I was reading the code that defines the class
PoolingLinearClassifier (link) and I just wanted to confirm my understanding of how they work. To illustrate, this is what I think happens:
Imagine our input sentences are all 12 words long and our batch size is 5, so the block is shaped (12, 5). Then assume we define our
bptt as 4, so the first step is to divide each sentence into 3 parts, each is 4 words long, colored in blue, yellow, and red.
Then, each colored block is fed into
RNN_Encoder one by one so we end up with a list of 3 outputs. Now we concatenate them in such a way that the first rows from each output are regrouped together into a list, the second rows together, and so on, so we end up with a list of 4 outputs, each is shaped (3, 5), like the middle block above.
Moving on to
PoolingLinearClassifier, it keeps the last output only (i.e., 4, 8, 12 above) and applies average and max poolings to it. Last, it combines them with the last row (12) into one long vector, and feed it into the linear layers (i.e.,
torch.cat([output[-1], mxpool, avgpool], 1)).

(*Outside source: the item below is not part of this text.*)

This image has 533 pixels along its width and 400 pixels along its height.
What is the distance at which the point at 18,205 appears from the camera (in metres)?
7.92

Phew… Am I right in my interpretation?
what is the meaning of “regroup”?
That’s right! Very good explanation!
If you take a look at the final shape of your Tensor it should be something like
That 1200 comes from
400 + 400 + 400 that are the the concatenation of [last(lastOut), maxPool(lastOut), avgPool(lastOut)].
WHERE: lastOut is the last output ([4,8,12] in your explanation).

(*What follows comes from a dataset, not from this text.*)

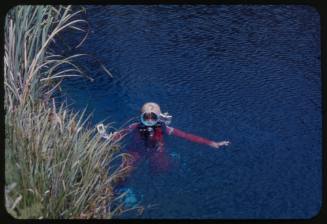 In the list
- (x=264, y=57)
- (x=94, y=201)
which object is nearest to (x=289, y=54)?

NOTE: 400 is the output size of the last LSTM layer in the Encoder…
(encoder): Embedding(60004, 400, padding_idx=1)
(emb): Embedding(60004, 400, padding_idx=1)

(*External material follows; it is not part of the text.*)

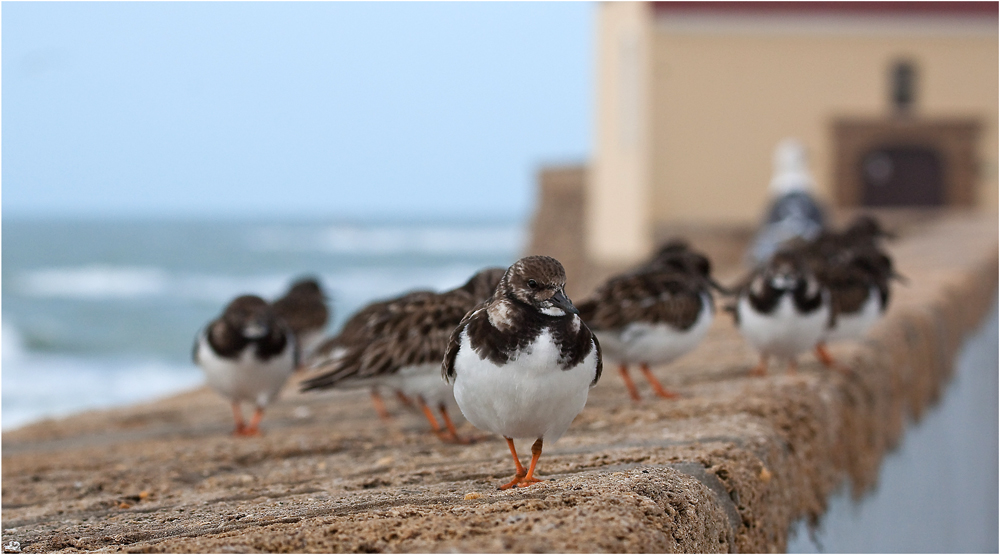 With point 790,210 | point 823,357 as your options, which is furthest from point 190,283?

(module): LSTM(400, 1150, batch_first=True)
(module): LSTM(1150, 1150, batch_first=True)
(module): LSTM(1150, 400, batch_first=True)
AFAIK Regrouping is a kind of “activations engineering” (feature engineering in the domain of activations - something similar to DenseNet) to take into account information from all the important parts of the lastOutput and not only the very last Tensor.